On either Windows (Rstudio), or on Linux, using rstan, memory goes up from a baseline of 200MB to arond 1.7 GB while the sampling is running. Is this to be expected, if so, what is it all being used for?
The memory use seems to scale with the size of the data (5000 here), and the memory appears to not be freed when the sampler stops. Number of iterations doesn’t seem to affect it. Optimisation is a little bit cheaper, but still uses about 1.1GB.

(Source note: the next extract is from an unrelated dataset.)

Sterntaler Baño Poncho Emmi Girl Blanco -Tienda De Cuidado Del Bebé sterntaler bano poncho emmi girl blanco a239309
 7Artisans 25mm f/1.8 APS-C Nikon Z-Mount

This is an artificial model to illustrate the issue - in reality Q will be different for each i, so I’ll need to recalculate those exponentials. I’m trying to determine the scalability of continuous-time Markov models that look somewhat like this.
Thanks,
Chris
library(rstan)
mtest <- stan_model(model_code="data {
int<lower=1> nobs;
array[nobs] int<lower=1,upper=5> state;
}
parameters {
array[10] real<lower=0> q;
}
transformed parameters {
matrix[5,5] Q = rep_matrix(0, 5, 5);
matrix[5,5] P;
real loglik=0;
Q[1,2] = q[1]; Q[1,5] = q[2]; Q[2,1] = q[3]; Q[2,3] = q[4]; Q[2,5] = q[5];
Q[3,2] = q[6]; Q[3,4] = q[7]; Q[3,5] = q[8]; Q[4,3] = q[9]; Q[4,5] = q[10];
for (k in 1:5) {
Q[k,k] = - sum(Q[k,1:5]); // constrain rows to add to zero
}
for (i in 2:nobs){
P = matrix_exp(Q);
loglik += categorical_lpmf(state[i] | to_vector(P[state[i-1],]));
}
}
model {
target += loglik;
for (i in 1:10) {
q[i] ~ lognormal(0,2);
}
}
")
Q5 <- rbind(c(0, 1, 0, 0, 1), c(1, 0, 1, 0, 1), c(0, 1, 0, 1, 1), c(0, 0, 1, 0, 1), c(0, 0, 0, 0, 0))
diag(Q5) <- -rowSums(Q5)
P <- expm::expm(Q5)
nobs <- 5000
## simulate data from a continuous-time Markov model with equally-spaced observations
state <- numeric(nobs)
set.seed(1)
state[1] <- 1
for (i in 2:nobs){
state[i] <- sample(1:5, size=1, prob=P[state[i-1],])
}
opt <- optimizing(mtest, data=list(nobs=nobs, state=state))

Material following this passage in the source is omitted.